Unfortunately, working with a bully is not a rare experience. According to the Workplace Bullying Institute, 27% of survey respondents reported having experience with bullies at their places of employment. It’s particularly tragic that the majority of bullies, statistically, are bosses. I’ve had to deal with bullies either directly or on behalf of someone else in various jobs, and most of the other professionals I know have as well. Some of them are dealing with a bully right now.
The worst part about dealing with a bully is trying to decide whether it’s best to ignore the behavior, even though that means giving the bully tacit permission to keep on keeping on, or to stand up to the bully and possibly be seen as a troublemaker.

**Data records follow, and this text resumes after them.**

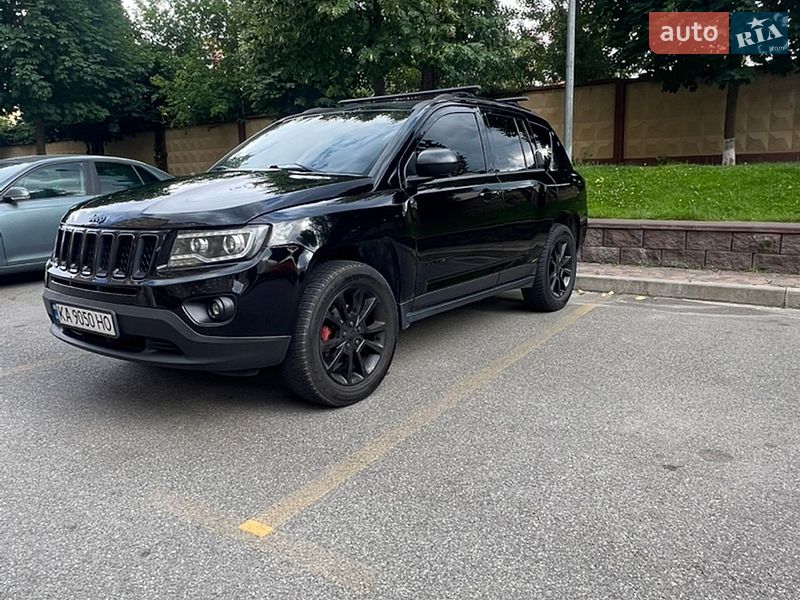 Внедорожник / Кроссовер Jeep Compass 2015 в Киеве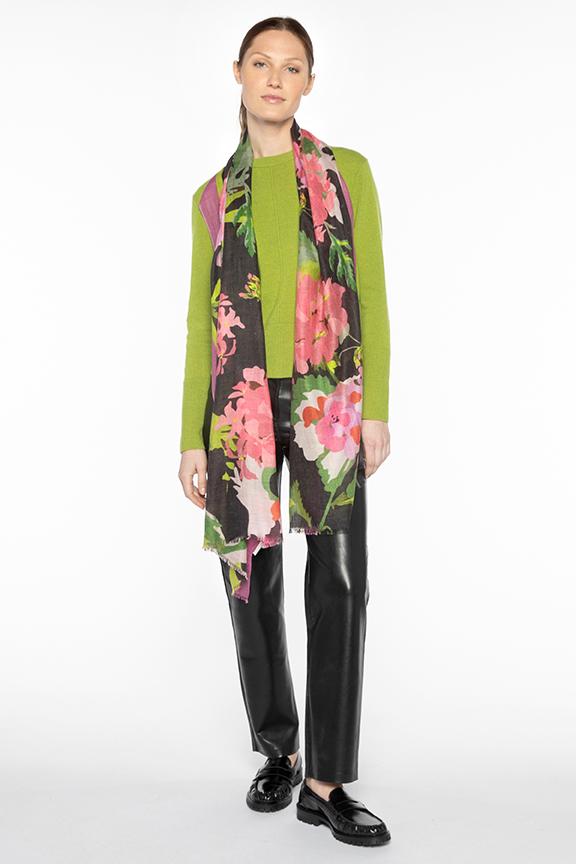 Kinross Cashmere Moody Blooms Print Scarf in Black Multi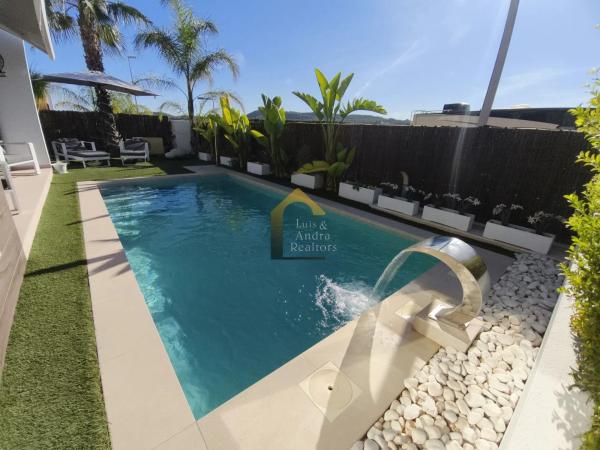 Chalet independiente en venta en Desamparados-Hurchillo-Torremendo, Orihuela
photo 1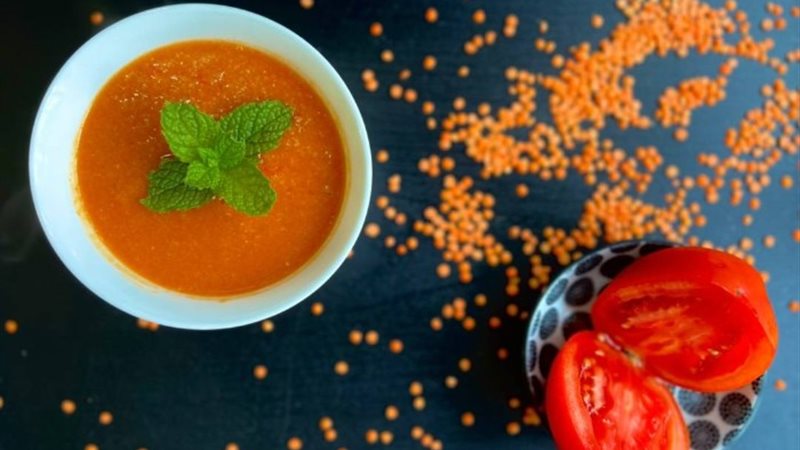 طريقة عمل شوربة العدس بالطماطم
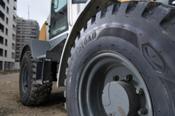 Goodyear lanza POWERLOAD® que aporta mayor durabilidad y tracción para cargadoras de ruedas compactas y motoniveladoras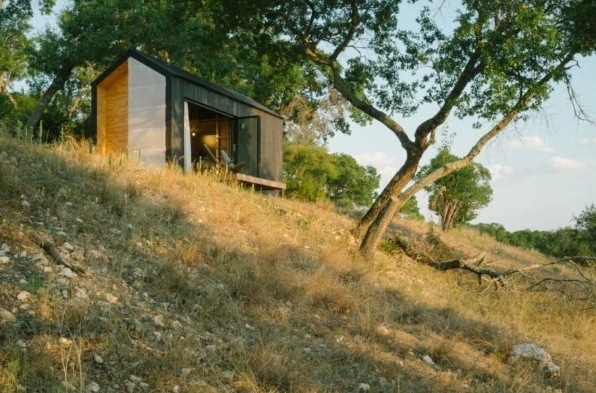 Шалаш на прицепе вместо коттеджа в пригороде. Почему семьи выбирают маленькое жилье 2 Шалаш на прицепе вместо коттеджа в пригороде. Почему семьи выбирают маленькое жилье 2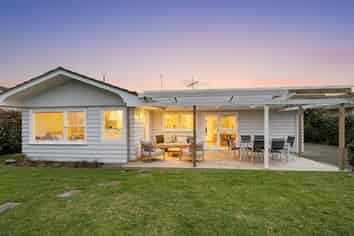 18 Booralee Avenue, Botany Downs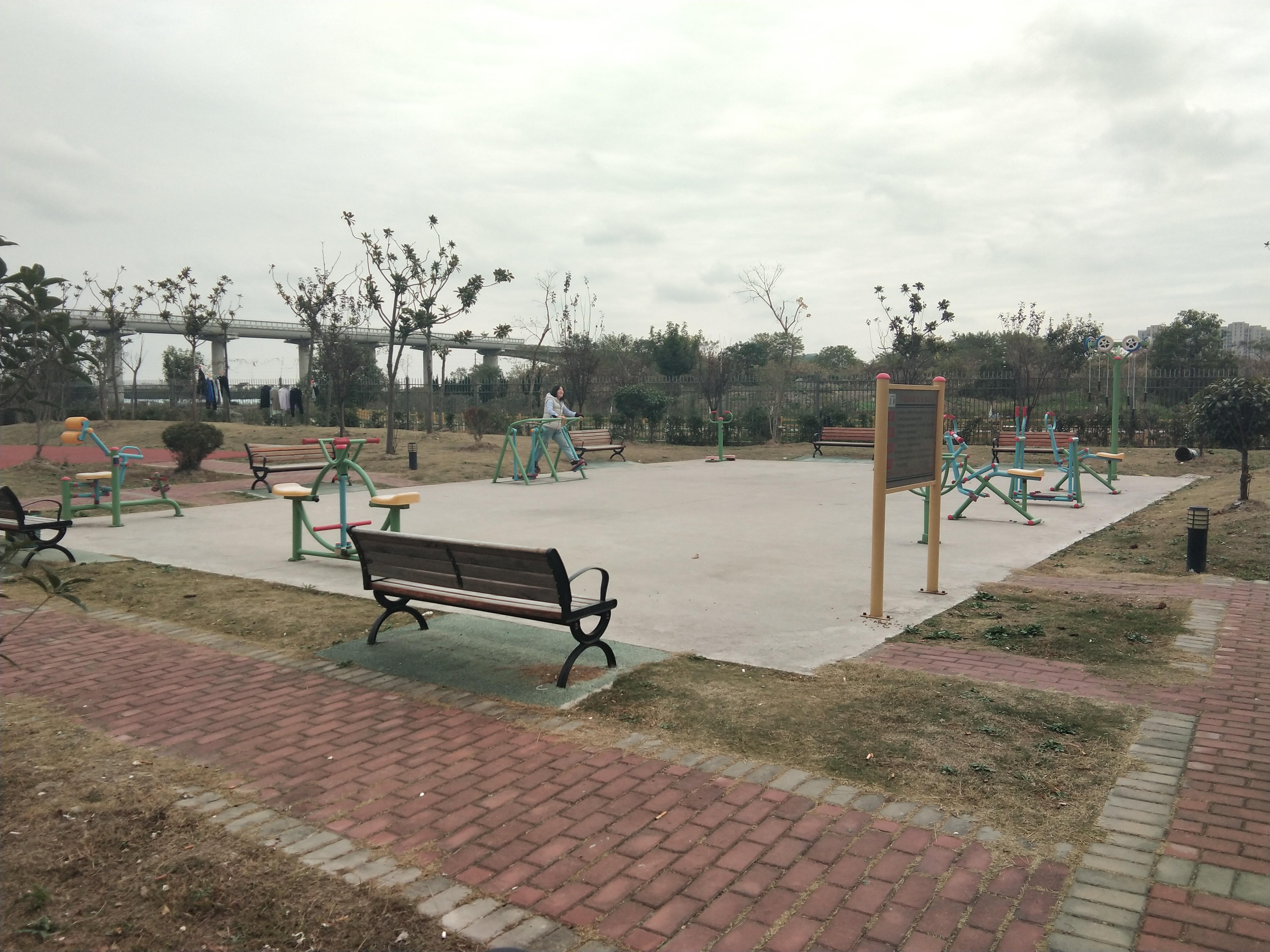 華盛里居委南區(qū)健身點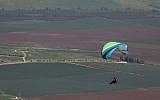 Illustration. Un parapente survolant le nord d'Israël, le 18 février 2017. (Crédit : Nati Shohat/Flash90)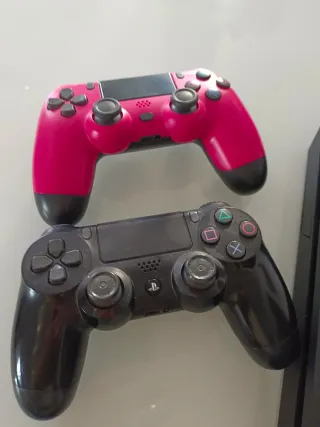 PS4 Slim 1TB + 2 Giochi + 2 Controller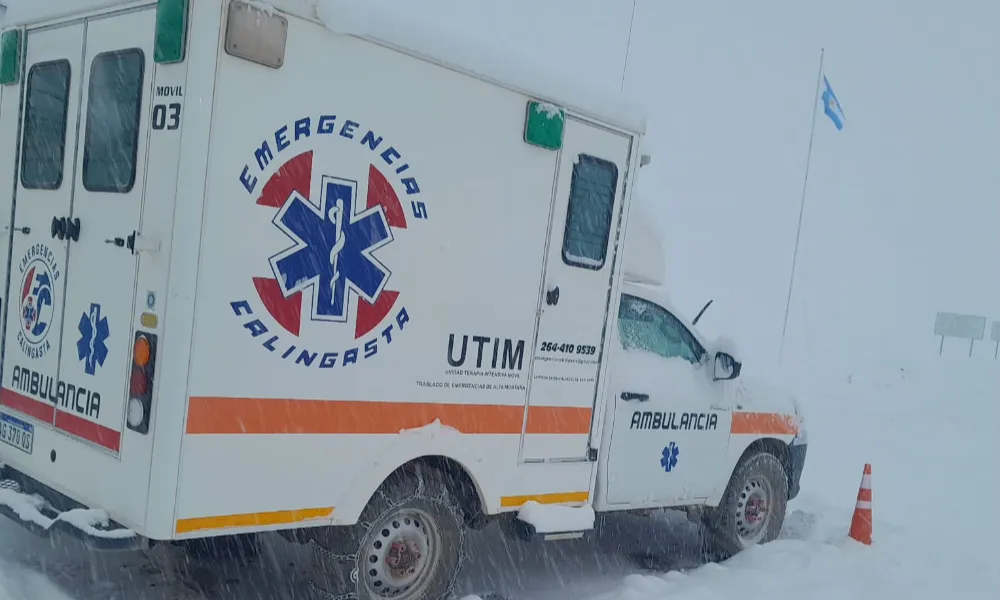 Fotografia de ambulancia en medio de una tormenta de nieve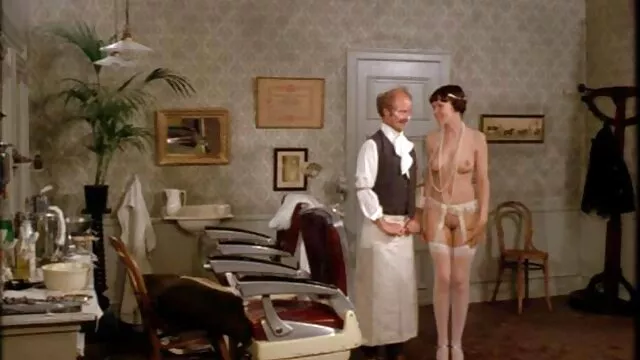 Tiểu thở / Maggie Mead phim xxx hoc sinh nhat ban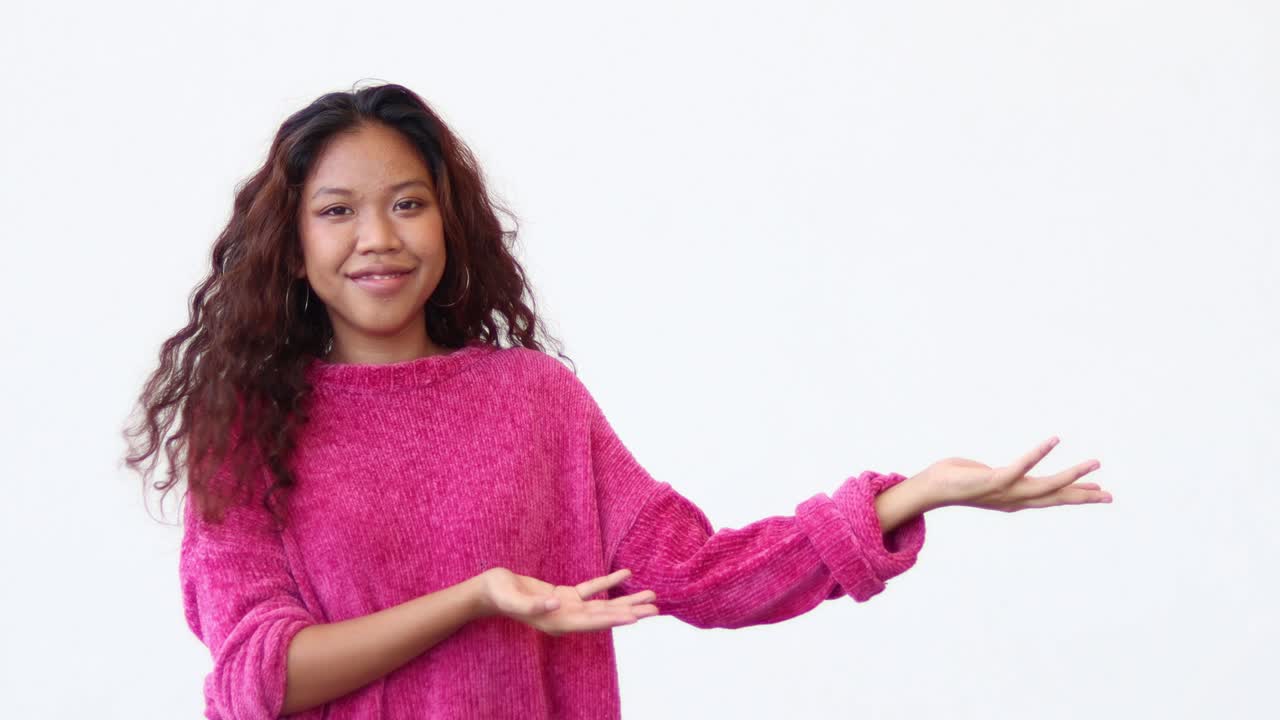 mujer africana sosteniendo o dando algo, fondo blanco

If you’re reading this, you may be dealing with a bully yourself or know someone who is. You might be wondering what to do about it. It’s important to take a look at what is really at stake here. Is this person trying to damage your reputation? Are they just really annoying or rude? Is this person the only bully at work or are you noticing a culture of bullying?
The worst types of bullies to have at work, especially if you really need the job you’re in and aren’t ready to move on, are the ones who can make you look less competent than you are. They might sabotage projects by hiding key pieces of information from you. If you ask to cut them out of your process, you might be seen as not being a “team player.” It’s amazing how some bullies can seem dim-witted about certain things, yet they are masters at making someone else’s life miserable when they commit to doing so.
Handling a Bully in the Workplace
As with most types of workplace behaviors—assuming they are not egregious, threatening, or dangerous—the first round of intervention should be sitting down privately with the bully in a nonconfrontational way and just pointing out the facts of whatever it is that is troubling you and how the other person factors in. This lets the other person know you are aware they are contributing to the issue, but invites them to help problem solve.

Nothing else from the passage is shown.